Cross-references: Date: 04/06/07 Submitted by: Mikhail Severity (warning/error): Status (open/fixed): open
Many 'get' methods in the Bio::NEXUS library return references to actual sub-structures of the main Bio::NEXUS object, instead of returning a deep copy. For instance, if you call a $char_block->get_otuset()->get_otu('some_OTU_name') method on a Bio::NEXUS::CharactersBlock object, you will get a reference to the actual OTU (Bio::NEXUS::TaxUnit) data structure. This means that when the user modifies the returned reference, this will affect the parent object.
While this (returning a reference) may seem convenient, it is not a safe way to return objects. Generally speaking, below are some of the reasons:
- When one defines the interface for modifying an object (e.g. 'set' methods), that interface includes certain business rules, which have to be followed, like validation of the parameters. If the user dodges the interface and its business rules, there's a risk that he/she will modify the above-mentioned structure in a way that will break the consistency of the parent object. This can lead to nasty bugs that are difficult to trace and fix.

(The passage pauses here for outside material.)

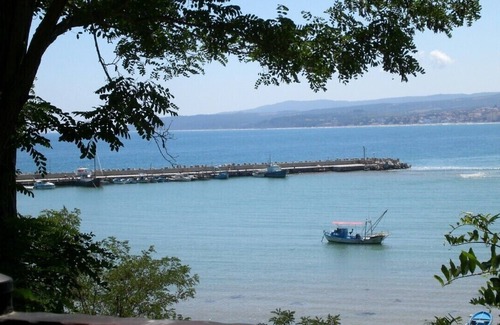 Byala Apartment | BBS52: Apartment, Byala Black Sea Resort: seaview, 2 Bedr., balcon,pool,airc.w/c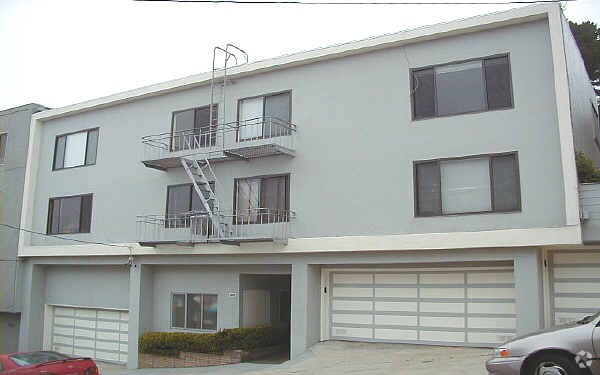 Primary Photo - 490 Hill St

- The user may not realize that he/she is dealing with a reference to the actual struct, and modify it, or add the reference to a different parent object. In the first case, the modifications will reflect on the original parent object, which could lead to some unpredicted results. In the case of adding the reference to a different parent object, changes to any of those parents will, again, lead to unexpected data in the objects. Again, bugs that are hard to trace.
The bottom line is, don't trust the user. Returning copies makes the code a little more reliable and traceable.